Plymouth, Massachusetts

We drove close to 200 miles to our next campground in South Carver, Mass just outside Plymouth. Shady Acres was a funky campground with a lot of seasonal campers. A seasonal camper rents the campsite for an entire (usually summer) season. They move in and set up shop; building decks, landscaping and even adding storage buildings. It was Columbus Day weekend and most campgrounds were totally booked. It was also the last weekend that most of the campgrounds are open. So we definitely have to move south from here. We chose this area so we could visit Plymouth and Boston.

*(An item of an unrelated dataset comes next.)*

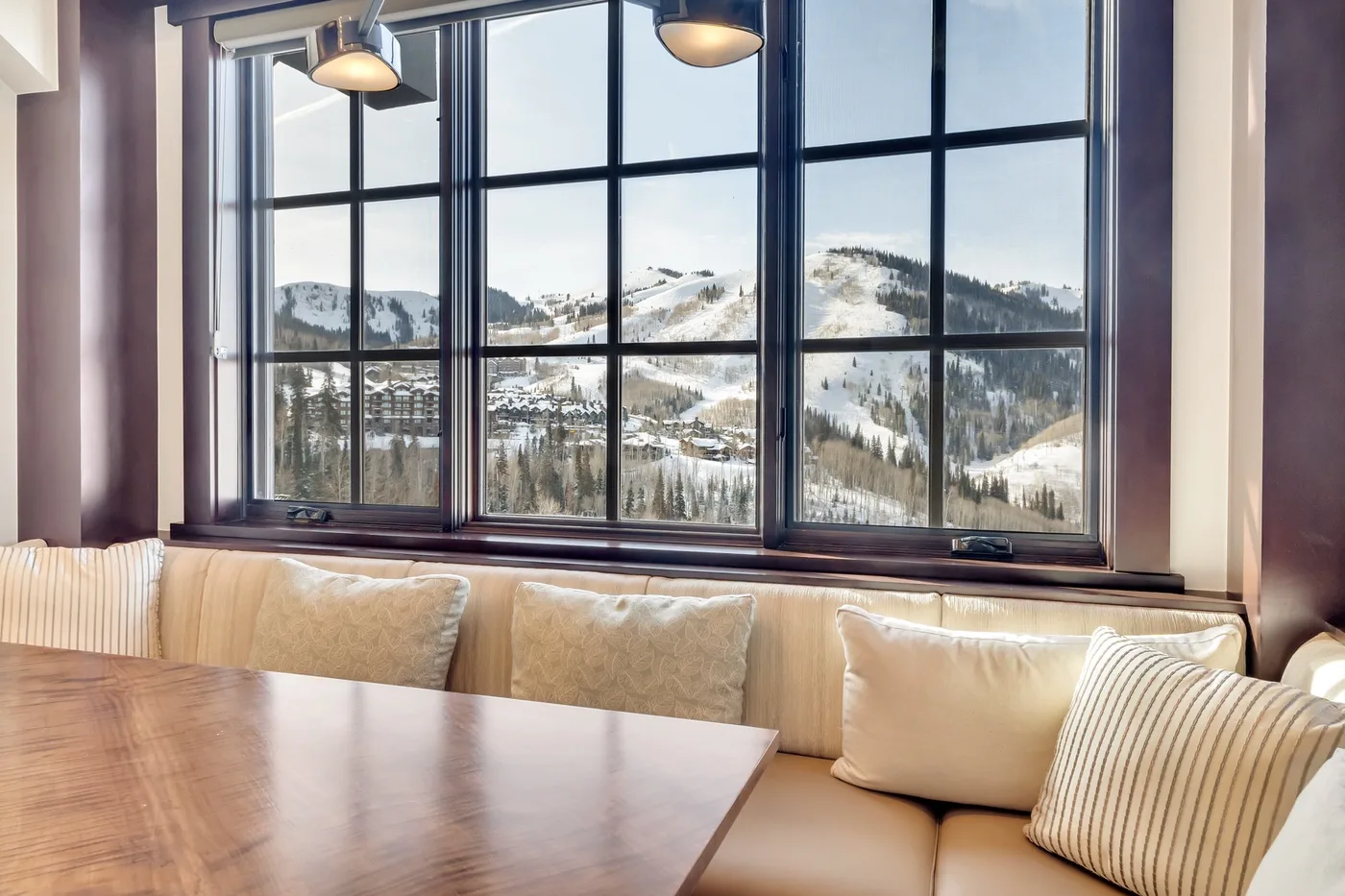 A dining table and cushioned seating sit beside a large window overlooking snowy mountains.
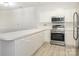 Modern kitchen features white cabinets, stainless steel appliances, and bright lighting at 8747 Coralbell Ln, Charlotte, NC 28213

Our first stop was Plymouth and Plymouth Rock. What I learned about the rock made me a little disappointed with the whole story.

Plymouth Rock

Plymouth Rock

The rock had lain at the foot of Cole’s Hill until 100 years after the Pilgrims’ landing in 1620. When plans were made to build a wharf at the Pilgrims’ landing site, a 94 year old elder of the church, living three miles from the spot, declared that he knew the precise boulder on which the Mayflower pilgrims first stepped when disembarking. The man claimed that his father and several of the original Mayflower passenger had, when he was a youth, identified the precise rock to him. There have been doubts hinted about the accuracy of the identification, in view of his age and the dates of the landing and his birth, but there is no doubt that he grew up in Plymouth at a time when many of the original passengers were still there. Bill Bryson in Made in America says, “The one thing the Pilgrims certainly did not do was step ashore on Plymouth Rock. Quite apart from the consideration that it may have stood well above the high-water mark in 1620, no prudent mariner would try to bring a ship alongside a boulder on a heaving December sea when a sheltered inlet beckoned from nearby.” Having been a sailor in the San Francisco Bay for 14 years, I totally agree. So you can understand my disappointment.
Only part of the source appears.